Outside of New Orleans, I think.
Arriving in Cuatrocienegas, Mexico, driving straight into the setting sun.
Palm trees, awwwwww yeah.
Pedestrian overpass, Mexico, and a fairly typical mixture of traffic. I remember riding in the backs of MANY such pick-up trucks, myself…
Captured by accident while stopped at a highway services plaza in Mexico, very much like similar plazas in the US.
Early Spanish lessons: highway signs. I’m sure you can figure this one out.
Mexico: in general, very well signed. Road quality – especially on the cuotas – was very high, and the traffic wasn’t too hairy, even in Mexico city… in general, the traffic is just cars and trucks, not the terrifying mixture of cars, trucks, motorcycles, buses, minibuses, etc., that we have encountered in Guatemala. Also, in Mexico it seemed that generally people obeyed the lane markings. Not so in Guatemala.
A more obscure sign. I actually still don’t completely understand what this means.
PEMEX: the state-owned gas company (Mexico)

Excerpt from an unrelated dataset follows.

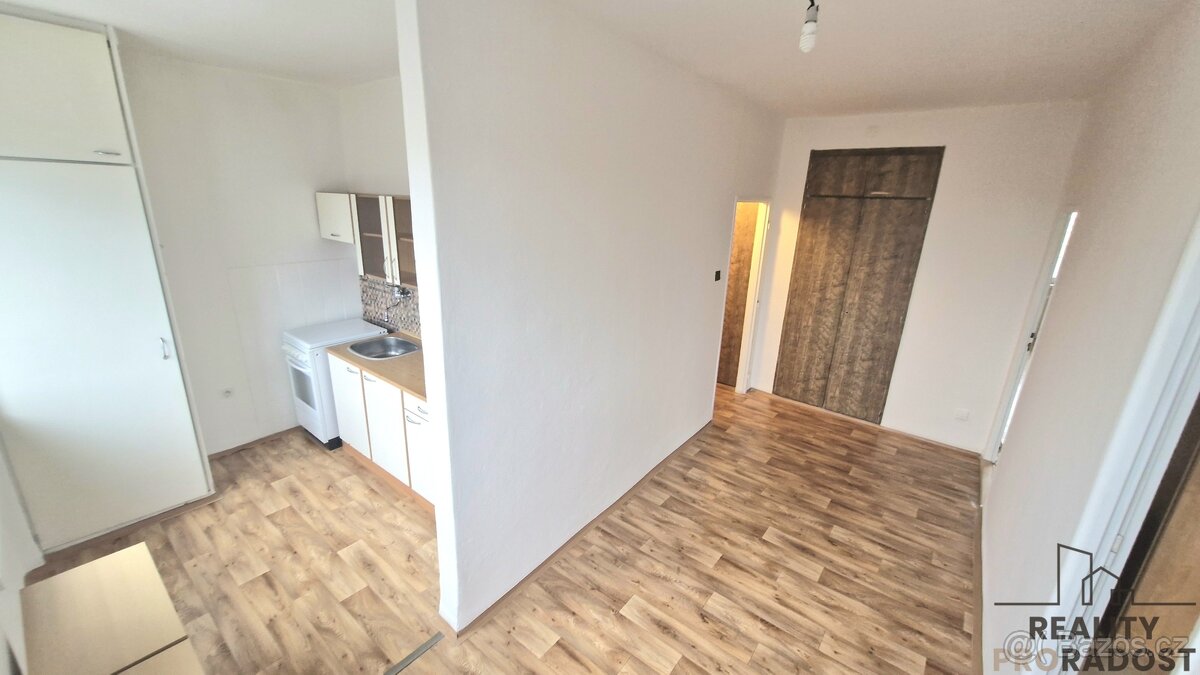 Pronájem bytu 2,5 + 1 ul. Ludvíka Podéště, Poruba - 4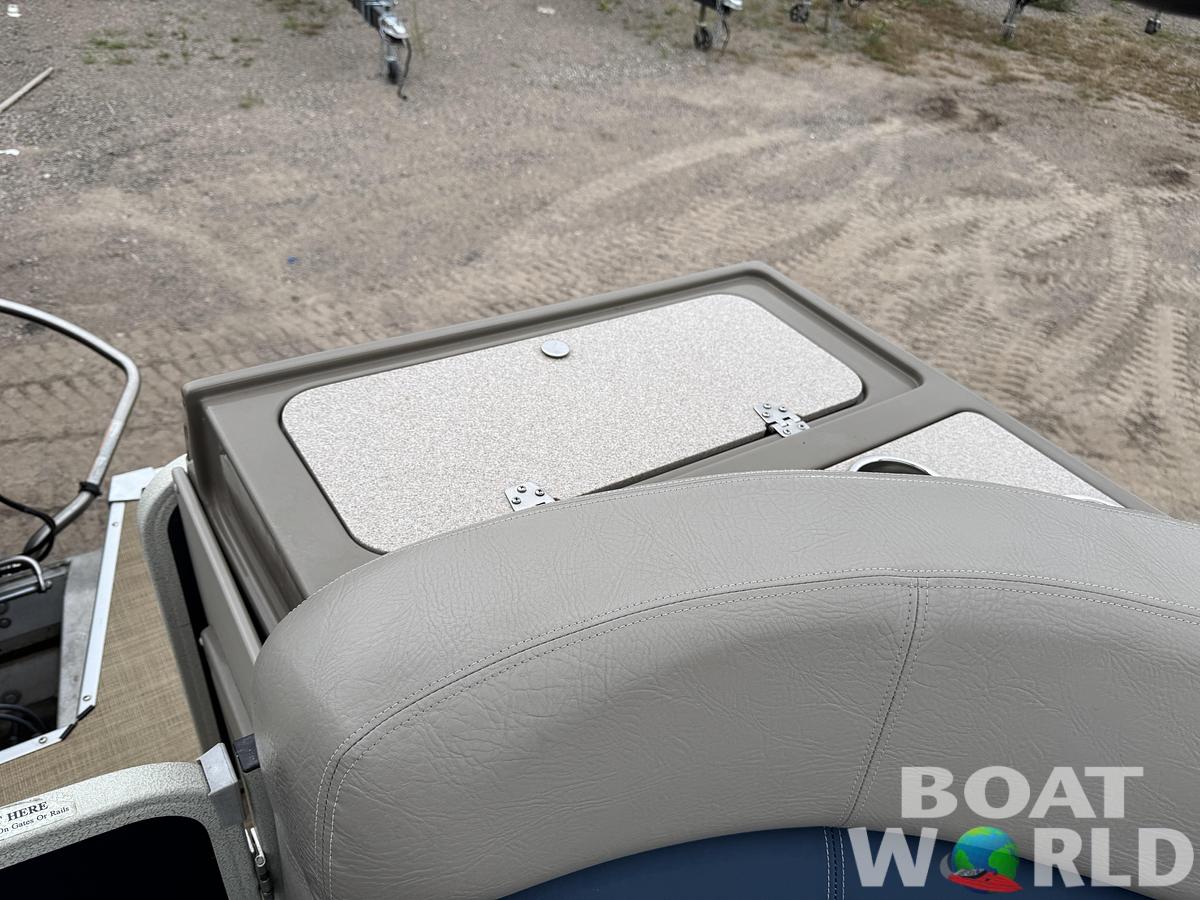 Used 2013 Premier 250 Intrigue Pontoon with 140HP Suzuki Fourstroke EFI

I believe that this is in Piedras Negras (black stones) where we crossed the border.
CITRUS FRUITS. THEY GROW ON TREES. ALSO COCONUTS. IT IS AMAZING.
The incredible cobblestone road to Real de Catorce.
Stopped for some roadside fruit, served up with salt, chili and lime.
Jane and I deciding where to camp that night. Oaxacan coast.